The winds of change. If the SEC adopted a fiduciary rule, Kageleiry thinks it would lower costs for investors as the use of commissions would be curbed and advisors would no longer push more-expensive investments if cheaper options were available.

But a potential drawback of this shift toward fee-based financial guidance is that investors with smaller account balances may have a harder time getting investment advice. Advisors charging a flat fee based on total assets would be more inclined to go after larger accounts, says Eric Aanes, president of Titus Wealth Management in Larkspur, California.

Because the SEC has yet to propose its own rule, it’s unclear how stringent it might be. “What action they will take remains uncertain,” says Barbara Van Zomeren, a senior vice president at Ascensus, a retirement, education and health care savings services provider in Dresher, Pennsylvania.

The SEC’s version probably would rely more heavily on disclosing high fees than prohibit excessive compensation outright, and would be more friendly to the industry than the Labor Department’s rule, says Duane Thompson, a senior policy analyst at Fi360, a fiduciary education, training and technology company headquartered in Pittsburgh.

[See: 7 Ways to Pay Less for Your Investments.]

There is also the question of how the final Labor Department rule will look, says Thompson. The definition of a fiduciary could be narrowed, or the rule could be rescinded, he says. With Republicans controlling Congress and the Trump administration favoring less regulation in general, the Labor Department could face pressure to water down the fiduciary rule.

Concerned that the fiduciary rule might be weakened, Nevada passed a law that goes further than the Labor Department’s because it applies to all investment accounts. The law, which took effect last month, requires brokers and investment advisors to abide by the state’s fiduciary standard and disclose commissions, but Nevada’s fiduciary standard falls short of mandating that those professionals act in the client’s best interests.

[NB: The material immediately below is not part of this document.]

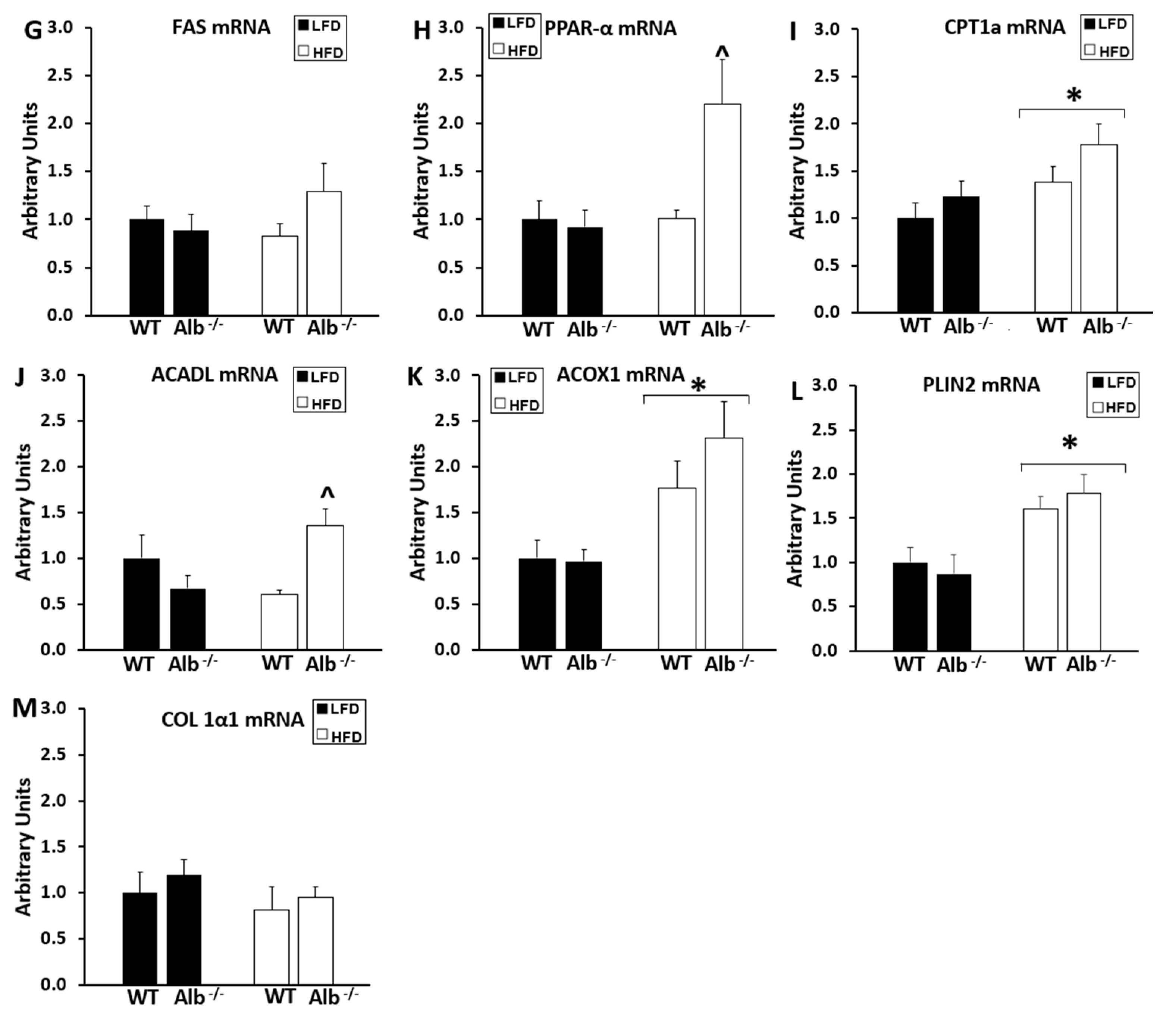 Nutrients 15 02060 g006b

What you should be asking. While the battle over adopting tougher standards for all accounts plays out, investors should take matters into their own hands and protect themselves by asking their financial advisors tough questions.

The key question consumers should ask is if the advisor will act as a fiduciary on all their accounts. Ask if they are legally required to act in your best interest, Thompson says. “See if they give you a clear yes or no.” If yes, investors should get that pledge in writing by having an advisor sign a fiduciary agreement or produce an existing agreement that shows the advisor is already required to act as a fiduciary, Kageleiry says.

Additionally, investors should ask for a detailed list of all management fees as well as the expenses of the funds the advisor has them invested in, Kageleiry says. The goal is to make sure an advisor isn’t getting paid from fund fees in the portfolio in addition to the compensation for managing it, Kageleiry says.

But most people are too afraid to ask these questions. “People feel beholden to these advisors,” Kageleiry says. “They don’t want to rock the boat.”

[See: 10 Questions to Ask Before You Hire a Financial Advisor.]

Van Zomeren also recommends asking advisors why they think you should do business with them and, if applicable, when and why their business model uses a suitability standard instead of a fiduciary one. Under the weaker suitability standard, broker-dealers aren’t legally required to put a client’s interest first but must only make recommendations appropriate for the client’s financial circumstances.